January 12, 2018
Governor Daugaard Seeks Multi-State Licensure Compact
The list of occupations that require some kind of license or certificate granted by the state government is ponderous. And, if you happen to work in one of those professions or earn a living as a licensed skilled craftsman and you move to another state, you can’t work until you get the license from your new state.
The fact that license requirements are often very different from state to state makes the move even more complicated and the world ends up with well-qualified workers being sidelined and not able to work at jobs that often have severe shortages in available skilled workers
Governor Daugaard is asking a straight forward question – Why can’t professional people and skilled craftspeople that are licensed or certified in one state keep working while they get that same license in a new state?
Governor Daugaard’s idea is to create an 18 month long period where licensed or certified professionals and craftspeople can work in a new state under the license granted by the state they departed. During this time, they will be tax-paying productive members of their new community and will be working on getting the license or certification in their new state.

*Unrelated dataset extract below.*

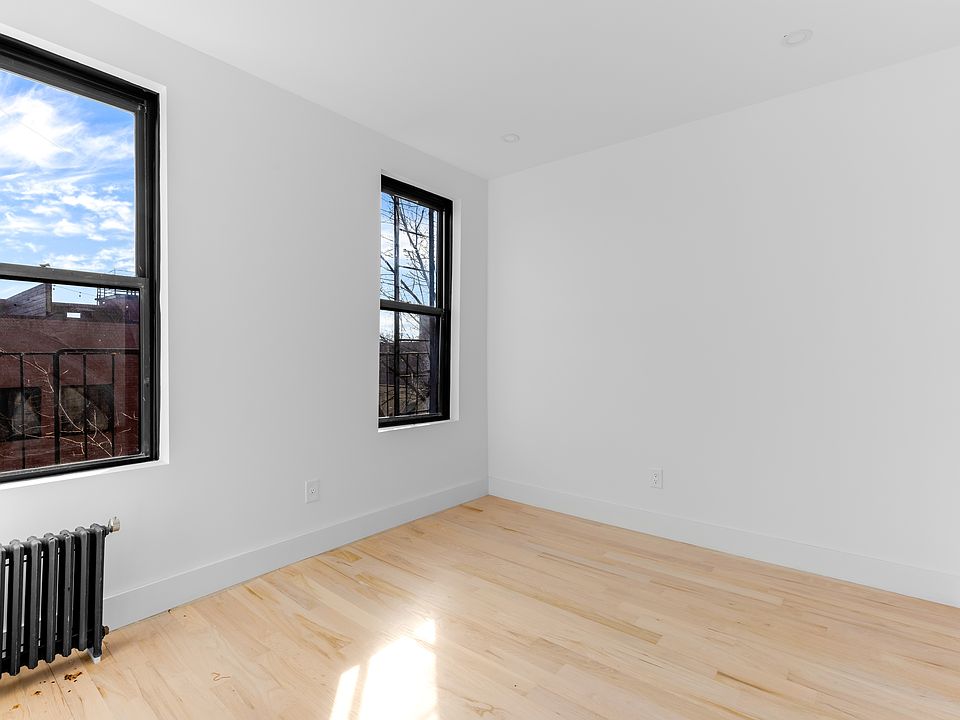 1st image of 248 Bainbridge St APT 8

The idea is receiving a critical review from some professions and will undergo a thorough analysis in the next few weeks. Among the issues being raised are questions about whether other state’s requirements really protect the public as well as ours do - even though it seems unlikely that Wyoming or North Dakota are allowing incompetent plumbers to wreak havoc on the people of their state.

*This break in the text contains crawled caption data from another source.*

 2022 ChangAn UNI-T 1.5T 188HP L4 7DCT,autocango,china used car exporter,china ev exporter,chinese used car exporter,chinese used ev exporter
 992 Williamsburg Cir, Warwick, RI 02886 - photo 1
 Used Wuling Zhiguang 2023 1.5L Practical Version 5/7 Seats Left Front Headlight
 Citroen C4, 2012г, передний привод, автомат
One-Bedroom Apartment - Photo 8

Other Concerns – Key among concerns that have been presented to the Governor’s team is the possibility that some professionals may take advantage of the 18 month window to do a significant job in a neighboring state without ever intending to actually relocate to the second state. For example, an architect could step to the state next door to design a world class Tiddlywinks Arena, complete the job within the 18 months and never actually relocate to the new state. The bill as drafted has no residency requirement.
Another concern about the multi-state compact is that it might allow someone whose license was about to expire in their home state to de-facto extend that license for 18 month by moving.
This multi-state compact concept might apply to professionals such as doctors and dentists and also include some completely obscure skills such as door repair contractors and euthanasia technicians (a profession with virtually no repeat customers). Click here for the list of nearly 150 professions that are licensed, certified or permitted in at least one of the 5 states that are initially being evaluated as potential members of the compact.
It is early in the process and the Governor undoubtedly will be making adjustments to accommodate these and other concerns. Capitol-Ism is thankful to the Governor for seeking innovative ways to address South Dakota’s workforce shortage (assuming more skilled workers come to South Dakota than those who head out).
Two Measures Qualify for the November Ballot – Legislature to Review Initiative Process
The Secretary of State’s office is the middle of reviewing signatures turned in by people hoping to put proposed new laws on the ballot this fall. Twenty proposals were approved for gathering signatures last spring; eight measures turned in signatures on November 6th of last year. Two of the proposals have had their signatures reviewed and have been declared to have enough signatures to be voted on in November. These initiatives are:
Amendment W
An initiated amendment to the South Dakota Constitution changing campaign finance and lobbying laws, creating a government accountability board, and changing certain initiative and referendum provisions - This is similar to IM-22 that was on the ballot in 2016 and approved by the voters. The measure was challenged in circuit court where constitutional issues were affirmed as part of a judge’s suspending the measure from taking effect. The legislature subsequently repealed IM-22 but put many of its provisions into law last year. The group from Delaware that promoted IM-22 and funded the campaign, decided to place many of its provisions on the ballot again, this time as a constitutional amendment.
IM 24
Prohibiting contributions to ballot question committees by non-residents, out-of-state political committees, and entities that are not filed with the Secretary of State. – Authored by Speaker of the House Mark Mickelson, this measure would require organizations to have been registered with the Secretary of State for the past four years in order to be allowed to contribute to ballot measures.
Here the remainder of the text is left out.